I tried it on ECAlgorithmsTest.cs on the TestSumOfTwoMultipliesComplete method. It's in crypto\test\src\math\ec\test

clairernovotny commented 5 years ago

Looks like it takes 8.2 minutes on my machine to complete (with SingleHit = true and no ExcludeFromCodeCoverage attributes set). Still a significant issue given that it takes 1.5 minutes without any coverage.

MarcoRossignoli commented 5 years ago

I'll try to understand what's going on, thank's for quick infos! I'm not sure if we can improve perf...it depends on how many "new call" are injected. cc: @tonerdo

clairernovotny commented 5 years ago

Perf isn't the only issue. I'm concerned about the random failures it injects.

image

Locally, after 8.3 min, it passed one platform but something failed on another. Started with a clean repo.

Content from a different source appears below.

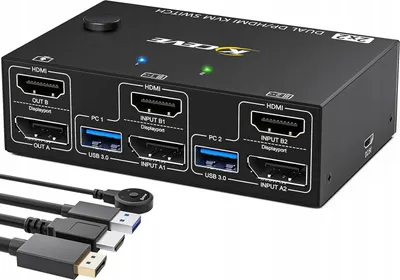 Immagine prodotto di Controllore KVM KCEVE KVM202DH, 2 PC, 4xUSB 3.0, 2 porte 4K@60 Hz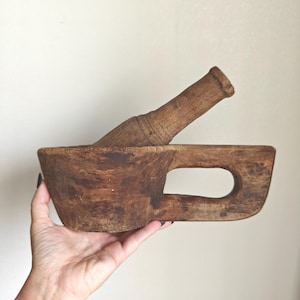 Hand Carved Wooden Mortar and Pestle: Primitive Wabi Sabi Decor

Same thing on Azure Pipelines happened to pass completely this time. https://dev.azure.com/onovotny/GitBuilds/_build/results?buildId=2207&view=results

MarcoRossignoli commented 5 years ago

Perf isn't the only issue. I'm concerned about the random failures it injects.

I'll try to repro asap

clairernovotny commented 5 years ago

In CmsTestUtil, the property getters call Init() on the objects they create, so that by the time GenerateKeyPair() is called, the local parameters variable should always be set. Something appears to be interfering in there.

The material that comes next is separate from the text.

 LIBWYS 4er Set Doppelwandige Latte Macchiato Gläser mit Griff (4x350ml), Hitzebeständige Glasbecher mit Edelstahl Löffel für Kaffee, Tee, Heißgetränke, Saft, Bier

MarcoRossignoli commented 5 years ago

Oren can you try to add -m:1 only to exclude another know issue (No repro using msbuild task more times for the moment on my local, now try collector)

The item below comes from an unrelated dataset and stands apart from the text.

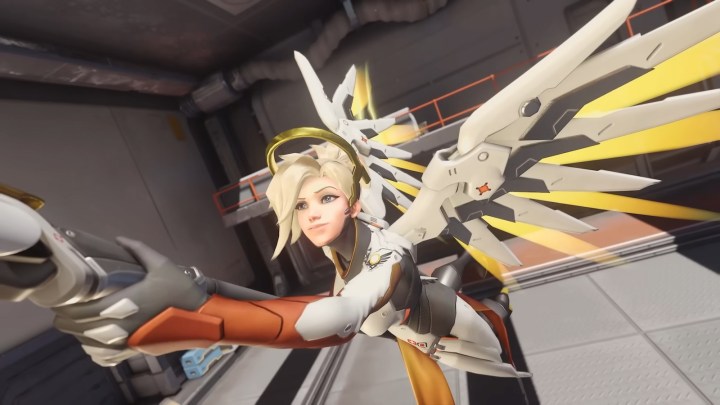 Mercy flying in Overwatch 2.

clairernovotny commented 5 years ago

It repro's with -m:1:

It's not every time, it took 3-4 runs to make it happen, each starting with a clean repo

image

MarcoRossignoli commented 5 years ago

I'll try to reproduce and also compare instrumented vs non instrumented IL

It's first time I see an issue like that, maybe instrumentation change execution order that generates some bug (race etc...)

MarcoRossignoli commented 5 years ago

@onovotny I did a lot of test on 2 different machine yesterday evening 4/5 time x machine, and no luck...I cannot repro, my command was

C:\git\coverletissue\bc-csharp> dotnet test .\crypto\test\crypto.test.csproj -s .\CodeCoverage.runsettings 

runsettings

<?xml version="1.0" encoding="utf-8"?>
<!-- File name extension must be .runsettings -->
<RunSettings>
  <DataCollectionRunSettings>
    <DataCollectors>      
       <DataCollector friendlyName="XPlat code coverage">
        <Configuration>
          <Format>cobertura</Format>
          <Exclude>[xunit.*]*,[*Tests]*,[nunit.*]*,[NUnit3.*]*</Exclude> <!-- [Assembly-Filter]Type-Filter -->
          <ExcludeByAttribute>Obsolete,GeneratedCodeAttribute,CompilerGeneratedAttribute</ExcludeByAttribute>
          <SingleHit>true</SingleHit>
        </Configuration>
      </DataCollector>    
    </DataCollectors>
  </DataCollectionRunSettings>
</RunSettings>

Can you check that my config it's the same as yours?

This is the instrumentation of Init() on RsaKeyPairGenerator image

I've one suspect for https://github.com/tonerdo/coverlet/issues/511#issuecomment-519087222 ...that for some reason tests are running in parallel and two test ask for static access to https://github.com/onovotny/bc-csharp/blob/netstandard/crypto/test/src/cms/test/CMSTestUtil.cs#L84-L91 and the first init kpg so null check above return non initilized instance for another thread that could lead to null ref. Maybe could happen because instrumented code are slower than non instrumented or is no more inlined so the randomic nature of failure. Can you try to force tests serialization?

Bertk commented 2 weeks ago

This issue is outdated (before coverlet version 6.0.2) and not related to #1192 regression.